Za 3 dni są urodziny Holly. Znając ją pewnie całkowicie o tym zapomniała. Wpadłem na pomysł, żeby zadzwonić po Jade. Myślę, że razem z nią urządzę niezwykle przyjęcie dla Holly. Jade jest bardzo zakręconą dziewczyną. Zawsze taka była. Cieszę się, że wreszcie się pogodziła z Holly. Kiedyś były nierozłączne, szkoda, żeby taka przyjaźń się zmarnowała.
- I jak? Zgodziła się? - Zapytałem Jade. Mieliśmy taki plan, żeby namówić Holly na wyjazd. Na wakacjach zorganizowalibyśmy przyjęcie.
- Nie było łatwo, ale się udało! - Odpowiedziała radośnie dziewczyna. Od razu mi ulżyło. Chcę, żeby w tym dniu Holly poczuła się wyjątkowo. To będzie jej dzień. Tylko jej.
- To super, Jade! Brawo! Jak udało Ci się ją przekonać? - Zapytałem zaciekawiony.
- Umm... no, bo wiesz...
- Czy coś się stało?
- Holly zgodziła się pojechać tam pod jednym warunkiem...
- Jakim? - Już się boję, co ona wymyśliła.
- Żadnych chłopaków. Powiedziała, że nie może na nich patrzeć. Wcale jej się nie dziwię. Harry ją rzucił, po tym jak bawiliście się w łazience.
- Że co? Zaczekaj... to ona Ci o tym opowiedziała?
- No tak. Przecież do niczego miedzy Wami nie doszło, wiec nie miała się czego wstydzić.
- Ale nie chodzi mi o to. Czemu on ją zostawił? Przecież my się tylko wygłupialiśmy.
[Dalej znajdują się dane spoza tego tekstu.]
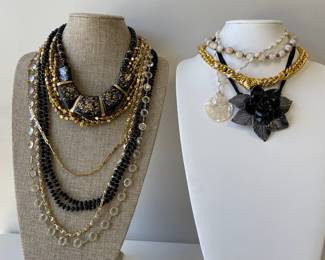 Lot 2709 Lot of Vintage Black  Gold Necklaces  Costume Jewelry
- Też się dziwię. Z tego, co mi Holly opowiadała, to on jest naprawdę dziwny. Ciągle się kłócą, w niczym się nie zgadzają...
- Nie wiem, co powiedzieć. Co za kretyn z niego jest! Wielki książę się znalazł. Rozumiem, że można być zazdrosnym o dziewczynę, ale bez przesady! Jesteśmy przyjaciółmi! To już nam nawet nie wolno jest się pobawić?!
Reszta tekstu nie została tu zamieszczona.